World J Clin Cases. Nov 6, 2022; 10(31): 11500-11507
Published online Nov 6, 2022. doi: 10.12998/wjcc.v10.i31.11500
Tolvaptan ameliorated kidney function for one elderly autosomal dominant polycystic kidney disease patient: A case report
Li Zhou, Yan Tian, Liang Ma, Wen-Ge Li
Li Zhou, Wen-Ge Li, Department of Nephrology, China-Japan Friendship Hospital, Beijing 100029, China
Yan Tian, Department of Ultrasound Medicine, China-Japan Friendship Hospital, Beijing 100029, China
Liang Ma, Department of Clinical Laboratory, China-Japan Friendship Hospital, Beijing 100029, China
Author contributions: Zhou L performed diagnosis and therapy administration on the patient; Tian Y and Ma L collected the clinical information, analyzed and interpreted the clinical data; Zhou L drafted the manuscript; Li W reviewed the manuscript; all authors read and approved the final manuscript.
Informed consent statement: Informed written consent was signed and obtained from the patient for publication of this report.
Conflict-of-interest statement: The authors declare that there is no conflict of interest to disclose.
CARE Checklist (2016) statement: The authors have read the CARE Checklist (2016), and the manuscript was prepared and revised according to the CARE Checklist (2016).
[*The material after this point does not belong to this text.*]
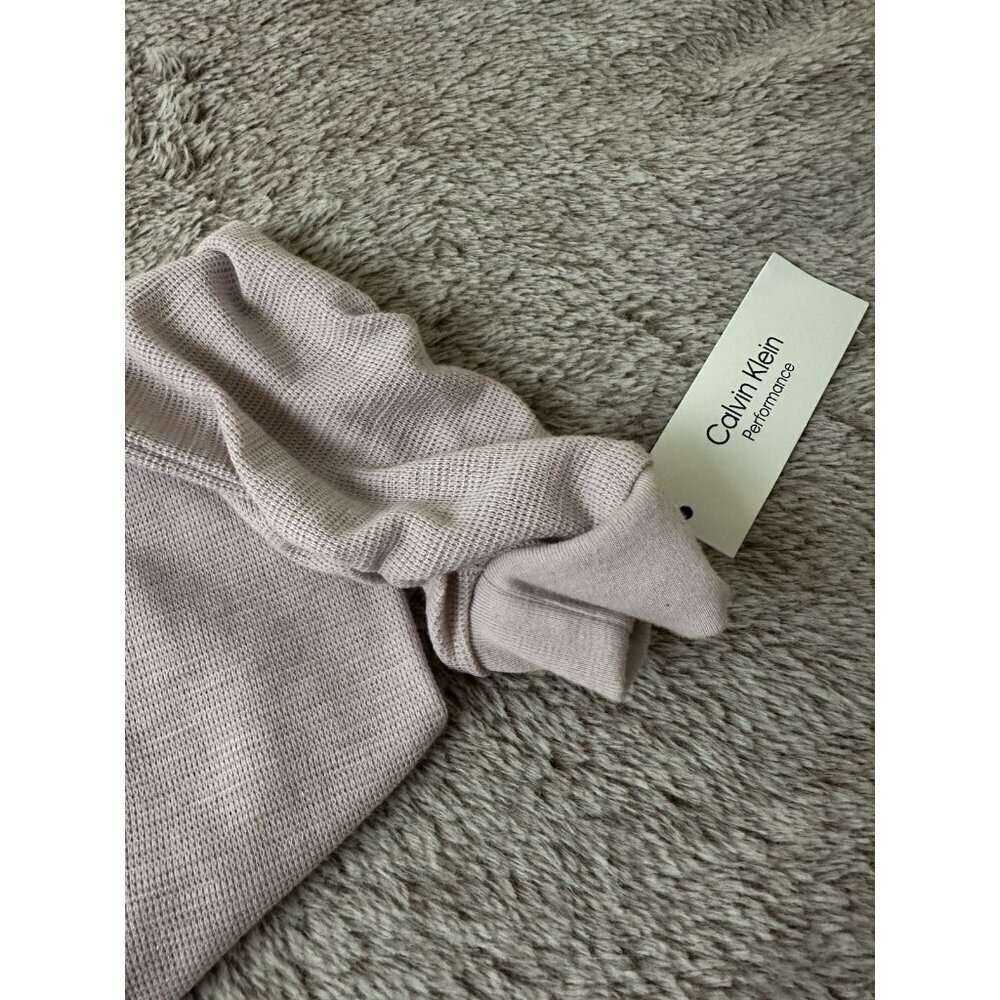 Calvin Klein Hoodie Womens Medium Brown Knit Performance Ruched Sleeve Full Zip - Picture 7 of 16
Open-Access: This article is an open-access article that was selected by an in-house editor and fully peer-reviewed by external reviewers. It is distributed in accordance with the Creative Commons Attribution NonCommercial (CC BY-NC 4.0) license, which permits others to distribute, remix, adapt, build upon this work non-commercially, and license their derivative works on different terms, provided the original work is properly cited and the use is non-commercial. See: https://creativecommons.org/Licenses/by-nc/4.0/
Corresponding author: Wen-Ge Li, MD, Director, Department of Nephrology, China-Japan Friendship Hospital, No. 2 East Yinghuayuan Street, Chaoyang District, Beijing 100029, China. wenge_lee2002@126.com
Received: May 13, 2022
Peer-review started: May 13, 2022
First decision: August 4, 2022
Revised: August 9, 2022
Accepted: October 9, 2022
Article in press: October 9, 2022
Published online: November 6, 2022
Core Tip

Core Tip: Autosomal dominant polycystic kidney disease is a genetic and heritable kidney disease. It appears with cyst formation and growth, kidney enlargement and eventually leads to end stage renal disease. Some patients with severe polycystic kidney disease and end stage kidney disease have been treated with nephrectomy and early dialysis therapy, however, the life quality of these autosomal dominant polycystic kidney disease (ADPKD) patients declines due to the above treatment. In this case report, tolvaptan combined with edoxaban administration improved kidney function for one elderly ADPKD patient while avoiding the decreased life quality from nephrectomy or dialysis therapy.